◆ Problem to solve ◆
Below are records; extract exactly the lines from the one with "大同苹果手机维修分享如何在 iPhone 上查看支付宝和微信年支出账单" through the final line, including both, but drop the pictures.

=== Recorded information ===

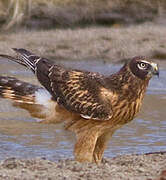 Northern Harrier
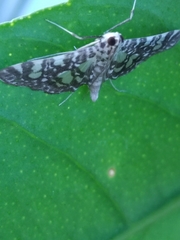 Glyphodes onychinalis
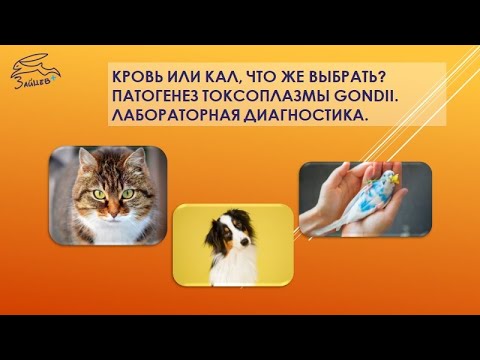 Видео: Токсоплазмоз. Патогенез, особенности лабораторной диагностики, какой материал выбрать для анализа.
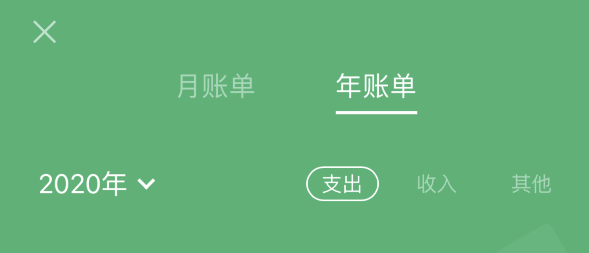 大同苹果手机维修分享如何在 iPhone 上查看支付宝和微信年支出账单 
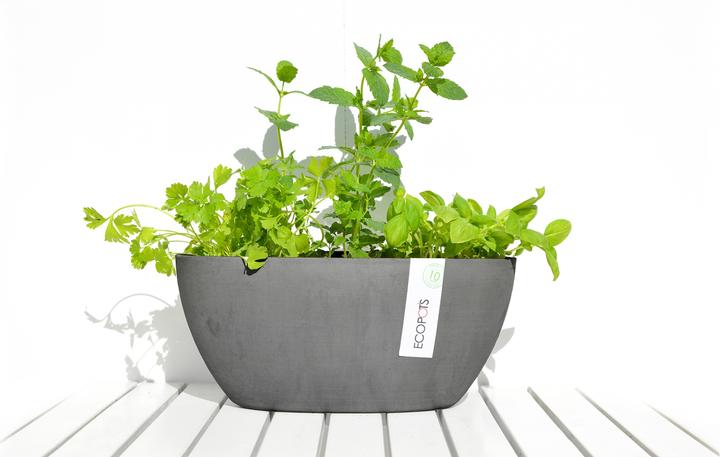 Actual product image Ecopots Sofia (13 cm)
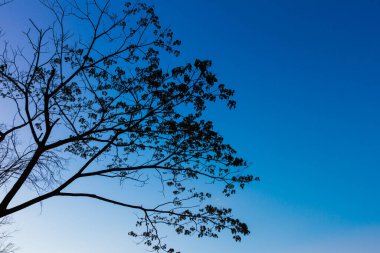 Büyük ağaç silueti, günbatımı gökyüzü arkaplanı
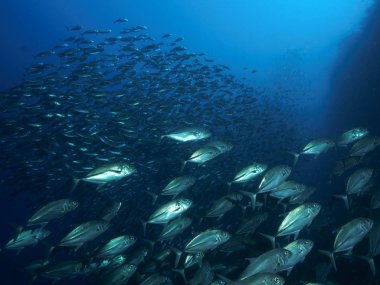 Kocagözlü trevally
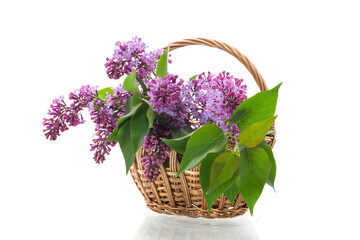 bouquet of beautiful blooming lilacs in a basket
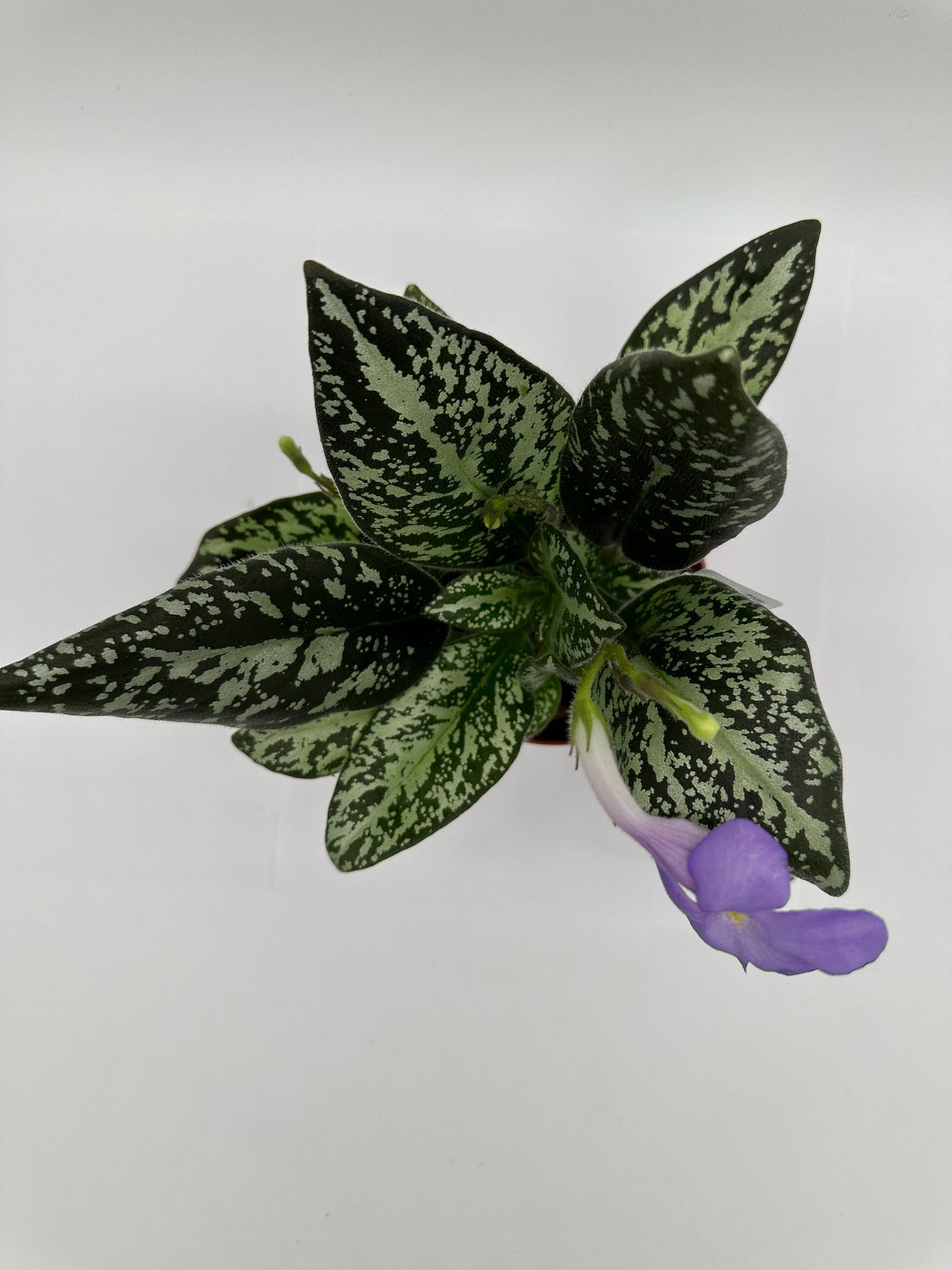 Michaelmoelleria Vietnamensis - Live Plant 4" - Vietnam origin - Very Rare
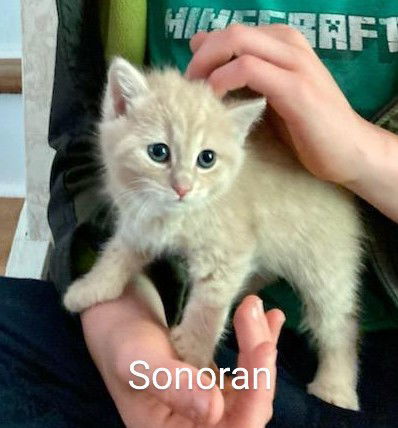 Sonoran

===

◆ Response ◆
 大同苹果手机维修分享如何在 iPhone 上查看支付宝和微信年支出账单 
 Actual product image Ecopots Sofia (13 cm)
 Büyük ağaç silueti, günbatımı gökyüzü arkaplanı
 Kocagözlü trevally
 bouquet of beautiful blooming lilacs in a basket
 Michaelmoelleria Vietnamensis - Live Plant 4" - Vietnam origin - Very Rare
 Sonoran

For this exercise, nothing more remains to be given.